Xin-Ke Hu BIT, Jia-Xuan Li BIT, Yu-Wei Yu BIT, Ji-Shun Lian BIT, Wei Deng GXU, Hai-Ming Zhang GXU, Jin Zhang BIT

We report the X-ray polarization properties of the high-synchrotron-peaked BL Lac H 1426+428, based on two-epoch observational data from the Imaging X-ray Polarimetry Explorer (IXPE). For the first observation, only an upper limit of polarization degree ($\Pi_{\rm X}$), $\Pi_{\rm X}<19.5\%$, at the 99\% confidence level (C.L.) is determined. In contrast, for the second observation, we derive $\Pi_{\rm X}=20.6\%\pm2.9\%$ with a polarization angle ($\psi_{\rm X}$) of $\psi_{\rm X}=116.1^{\circ}\pm4.1^{\circ}$ at a C.L. of 7.1 $\sigma$. The time-resolved and energy-resolved polarization analysis reveals no significant variation in $\psi_{\rm X}$ and no detectable polarization within narrower energy bins for the first observation, while the polarization during the second observation is predominantly dominated by low-energy photons. Furthermore, the X-rays during the second observation are found to be in a higher flux state with a harder spectrum compared to that observed during the first observation, consistent with a {\it harder-when-brighter} behavior.

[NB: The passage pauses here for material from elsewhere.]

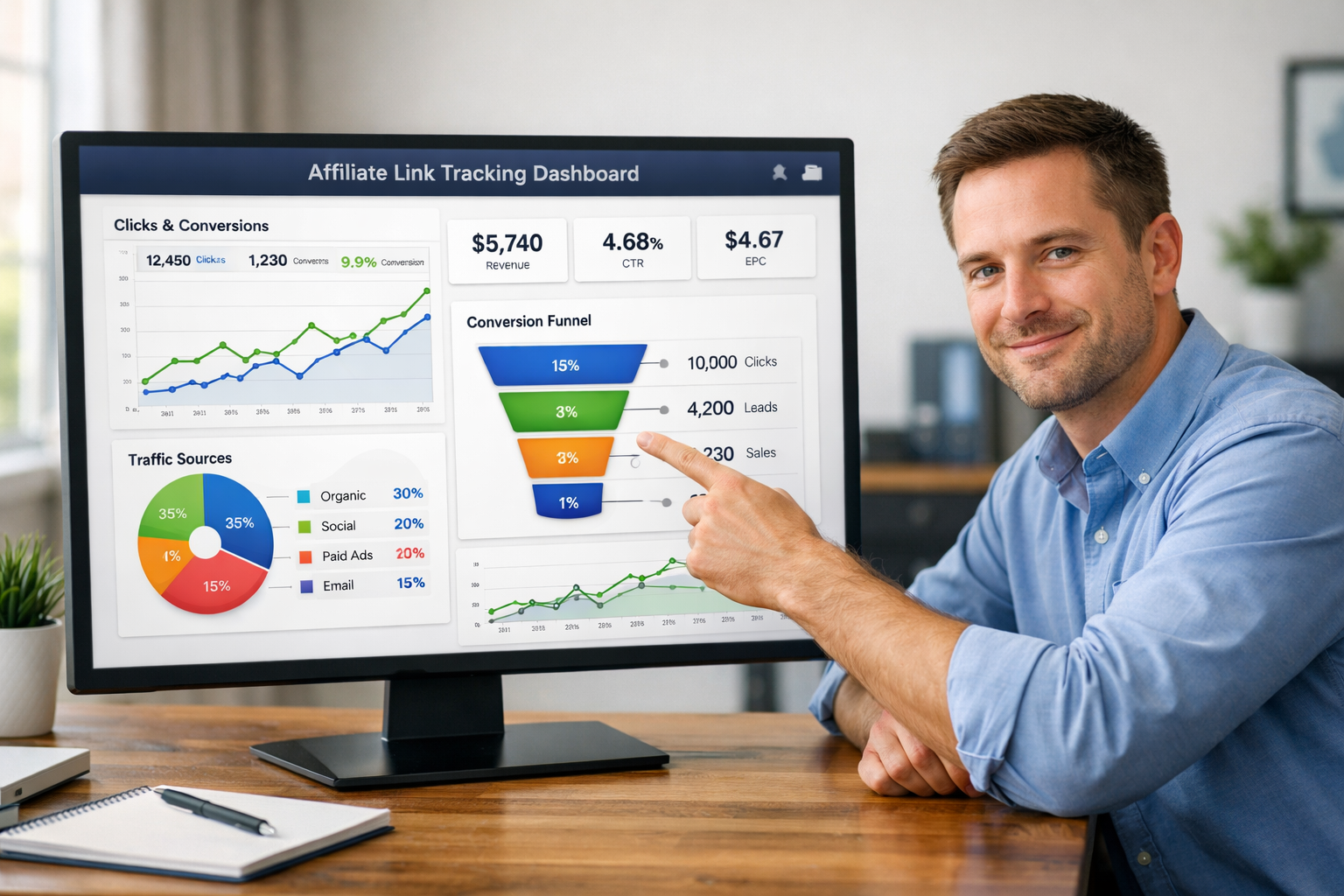Ako sledovať partnerské odkazy: Kompletný sprievodca pre marketérov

We propose that the plasma responsible for the X-ray emission during the first observation propagates downstream and encounters a shock, leading to electron acceleration and more ordered of the magnetic fields. The enhanced X-ray emission observed during the second observation is produced by shock-accelerated electrons within an ordered magnetic field region via synchrotron radiation. No significant detection of polarization during the first IXPE observation may be due to the limited number of detected photons.